Nos teníamos que conformar con los humildes tenis de tela y no teníamos derecho a quejarnos porque veníamos de la austeridad de nuestros padres y casi todos conocíamos a otros niños que ni siquiera tenían recursos para llevar unos tenis baratos. Quién no recuerda a aquellos niños de los cerros de la Chanca que venían a retarnos y nos pedían un desafío con el balón de por medio. Algunos jugaban completamente descalzos, a veces sobre el cemento del suelo del puerto y otras sobre los solares de tierra donde corrían el riesgo de clavarse una piedra o cortarse con una púa.



Había quien vivía con los pies desnudos, a quien de tanto andar sin protección se le había formado una segunda piel sobre la planta y no notaba ya ni el frío ni el dolor. Recuerdo, las mañanas en las que íbamos al puerto pesquero a ver cómo descargaban los barcos, a aquellos hombres jóvenes, hijos de la mar, siempre con los pantalones remangados y casi siempre con los pies desnudos sobre las húmedas y frías piedras del muelle.



En mi casa, cuando unos zapatos o una sandalias se nos quedaban pequeños y todavía les quedaba algún suspiro de vida, jamás se tiraban.
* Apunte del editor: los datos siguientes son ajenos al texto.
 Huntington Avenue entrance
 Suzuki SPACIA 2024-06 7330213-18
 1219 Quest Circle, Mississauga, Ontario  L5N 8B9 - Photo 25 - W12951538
Mi madre los recogía en una caja y los guardaba para cuando pasara alguno de aquellos pobres de solemnidad que aparecían por los barrios del centro con un viejo carro de madera y una talega a cuestas pidiendo desperdicios, calzado y ropa vieja.



A comienzos de los años 70 aún había gente que vivía con los pies desnudos. Cuando íbamos a jugar a la Plaza Vieja, casi siempre nos cruzábamos con niños que bajaban del Cerro de San Cristóbal que llevaban los pies completamente desnudos o que solo tenían unas chanclas de goma para el verano y para varios inviernos.
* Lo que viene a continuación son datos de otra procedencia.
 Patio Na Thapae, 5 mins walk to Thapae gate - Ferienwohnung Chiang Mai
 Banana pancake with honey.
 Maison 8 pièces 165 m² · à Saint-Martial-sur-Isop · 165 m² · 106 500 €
Los zapatos te delataban, contaban algo de tí, como si llevaras un carnet de identidad en los pies. Un niño con unos zapatos de charol radiantes solía estar un escalón por encima de la clase media, mientras que otro que llevara todo el año unas sandalias de goma, pertenecía, sin riesgo de equivocación, al escalón más humilde de la pirámide social.



En la década de los sesenta y la que vino después hubo un calzado que nos igualó y que se convirtió en un símbolo de esa clase media. Fueron los zapatos de la marca ‘Gorila’. La primera tienda en Almería que los puso en sus escaparates fue Calzados Plaza, en el número 31 de la Puerta de Purchena. Corría el año 1955.
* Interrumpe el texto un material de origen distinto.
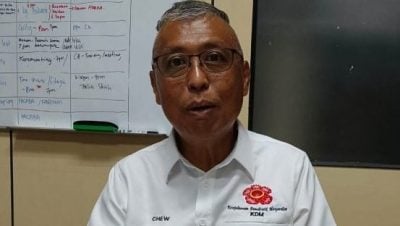 周国和：蓝眼临阵换将宣传品报废 “邱文正抄我竞选宣言” 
Los ‘Gorila’ fueron evolucionando para adaptarse a las necesidades de los nuevos tiempos hasta que en la segunda mitad de los años 60, coincidiendo con la eclosión de los anuncios televisivos, se convirtió en el calzado más famoso del país, llegando a formar parte de la indumentaria habitual de los colegiales.


El éxito de estos zapatos se basaba en su versatilidad y en su resistencia. Los ‘Gorila’ los utilizabas para ir al colegio y también para jugar al fútbol, desobedeciendo los consejos de las madres que tanto empeño ponían en que los zapatos nos duraran un curso y si es posible que sirvieran después para el hermano que venía detrás.